Users of the Waze navigation app are accustomed to its helpful alerts concerning potholes, hazards and police on the road ahead. For app users in the San Francisco area, another alert could soon be popping up: a person looking for a ride.
Google bought Waze three years ago, and the new function appears to be a bold attempt by the tech giant to get into ride-hailing, the dominant turf of Uber.
In many ways Google is returning the favor; Uber has emerged as one of Google’s fiercest rivals in the race to roll-out viable self-driving vehicles, an area pioneered by Google — or Alphabet, as its parent company now calls itself.
The so-called Waze Carpool service is the latest in a dizzying series of audacious moves by the two tech giants as they increasingly compete in the arena of transportation innovation.

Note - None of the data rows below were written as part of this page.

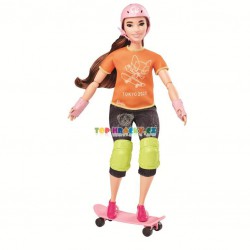 Barbie Olympionička skateboardistka Tokyo 2020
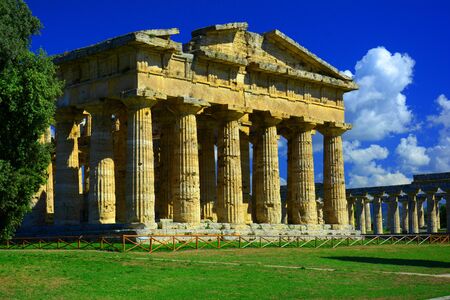 The wonderful Paestum temple in Italyの写真素材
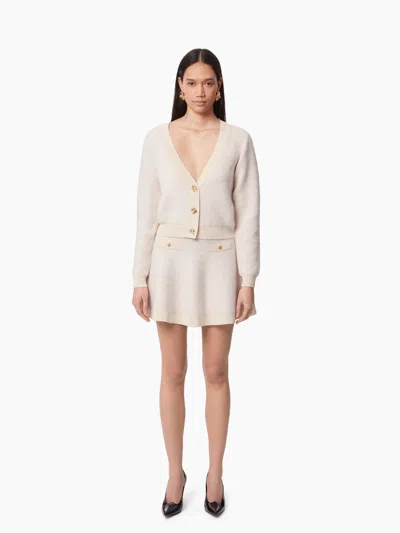 Nina Ricci Mohair V-neck Cardigan Xxl In White
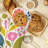 Floral Shapes Oven Mitt Cotton Twill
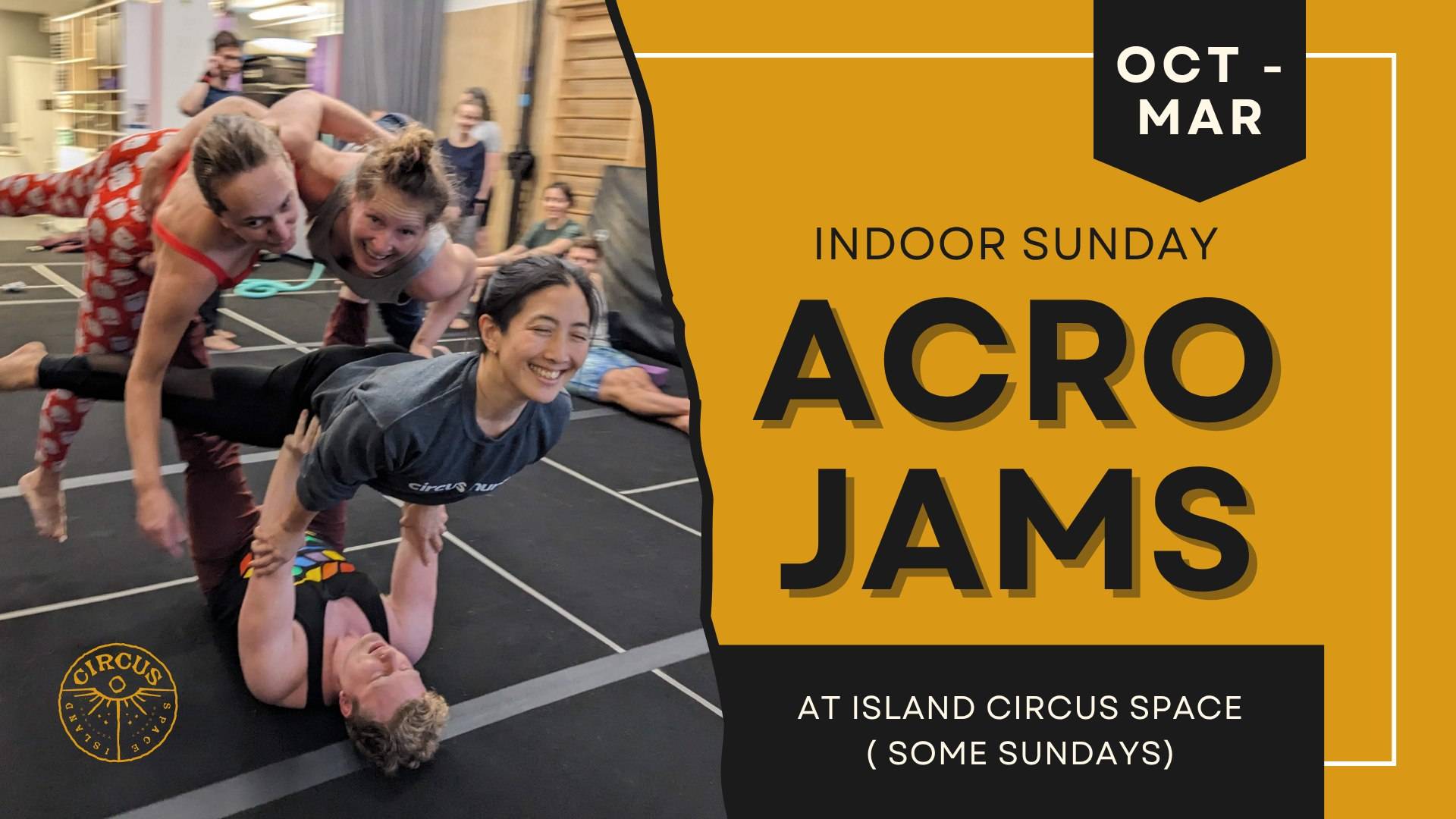 Sunday Indoor Acro & Movement Jam at Island Circus Space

To be sure, the Waze service is very limited in its scope at this point — only some 25,000 employees of companies near Google’s headquarters in Mountain View, Calif. may use it — and it doesn’t appear that Google has its sights set on revenue or amassing a vast pool of drivers. Prices for rides will be based on the federal standard mileage rate of 54 cents a mile — well below what Uber and Lyft charge. Google may deduct “a commission” from the price, but it has not said if it will do so at this point.
In other words, Google appears to conceive of the service as a genuine form of “ride-sharing” — pairing drivers and riders who are already headed in the same direction.
What the initiative does offer Google, one analyst told the Wall Street Journal, is real-world experience in the complex world of ride-hailing, where Uber and automakers see the greatest commercial potential for autonomous vehicles.
There is precedent for extending Waze into ride-sharing. In Israel, where the company was founded, Google started testing a carpool service last year, and it’s now available throughout the country.
Google’s move is the latest sign of growing competition between the company and Uber, and in some ways it represents a fraying of their relationship. Google Ventures — as Alphabet’s research arm was once called — invested $258 million in Uber in 2013.
Next month, Uber plans to launch its first pilot fleet of self-driving cars — Volvo SUVs that will still be manned by human drivers — in Pittsburgh, where the company’s autonomous-technology research efforts are centered.
Last month, a top Alphabet exec, David Drummond, announced he had stepped down from Uber’s board as overlap increased between the two companies.
In addition, Uber has indicated it wants to develop its own mapping technology, in part to decrease the company’s reliance on Google Maps for navigation.